Aku selalu ingat, Dio. Kamu pernah menjadi asmara putih – biru-ku. Bagaimana mungkin aku bisa melupakanmu.

Aku tersenyum menatap layar gawai. Dio menyorot kisah kelam yang sudah berlalu. Ia hanya ingin tahu, mengapa aku pernah menyukainya. Meski pun sudah basi, aku terpaksa mengutarakan isi hatiku.

Aku sudah mencari kamu sejak bertahun-tahun, Ki. Aku baru ketemu laman facebook kamu sekarang. Aku pernah merasa bersalah, telah meninggalkan sekeping hati untukmu.

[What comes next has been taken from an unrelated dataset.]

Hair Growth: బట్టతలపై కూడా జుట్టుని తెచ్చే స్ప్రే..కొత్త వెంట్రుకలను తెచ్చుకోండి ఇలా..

Aku terdiam, meski tak pernah menyimpan kecewa. Seandainya, Dio tak menghubungiku, aku tetap berlalu dengan komitmen. Dio telah menggenggam tanganku, dan mengecup keningku. Karena itu, aku harus pergi tanpa permintaan apa pun dari Dio. Itu janji pada hati kecilku, dulu. Tapi kini, pria itu hadir setelah belasan tahun lamanya.

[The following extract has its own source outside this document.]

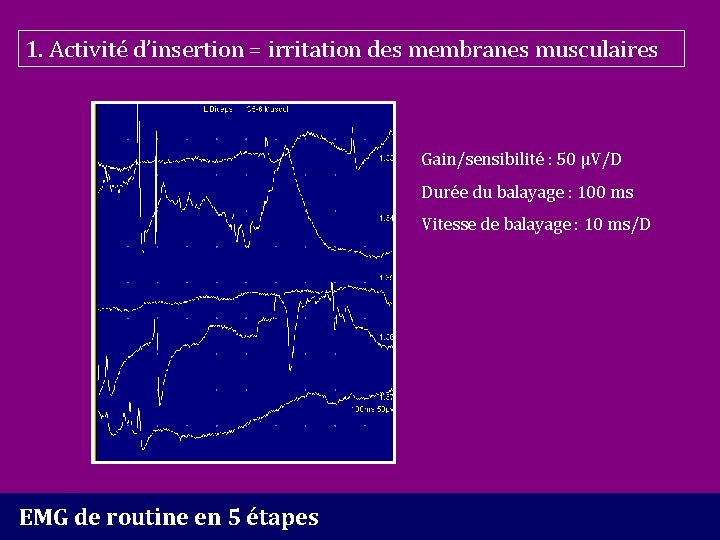 1. Activité d’insertion = irritation des membranes musculaires Gain/sensibilité : 50 µV/D Durée du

Kamu tahu, kenapa aku mendaratkan ciuman di keningmu?

Aku bimbang untuk memberikan sebuah jawaban. Teringat olehku, Dio tak meninggalkan sepatah kata pun untukku hari itu.

Karena aku mencintaimu, Kia.

Aku terhenyak. Napasku seakan berakhir begitu saja. Kata-kata yang kutunggu selama ini baru terungkap kini.

Kamu nggak salah? Aku…. Aku bukan siapa-siapa. Semuanya sudah terlambat.

Bagiku tidak ada kata terlambat, Ki. Seandainya saja, aku menemukanmu lebih awal. Aku ingin sehidup semati denganmu.

Kamu bohong!

Aku nggak pernah bohong, Ki. Kamu tahukan, kalau setahun kemudian aku pindah sekolah? Dulu, akses komunikasi susah. Aku berusaha mencari kamu di media sosial. Lagi pula, aku kesulitan menemukanmu karena media sosial kamu bukan menggunakan nama asli. Aku beruntung, hari ini mendapatkannya. 

Aku mengunci layar gawai dengan tenang. Tak ingin memanaskan cerita untuk kisah yang sudah basi. Aku tahu perasaan Dio. Ia juga mencintaiku sejak dulu. Diam-diam, aku kembali menantap foto yang dikirimnya padaku. Masih seganteng dulu. Dengan alis mata yang tebal, sorotan mata tajam dan kulit yang hitam manis. Dio Asmara, terima kasih sudah menyentuh hatiku hari ini.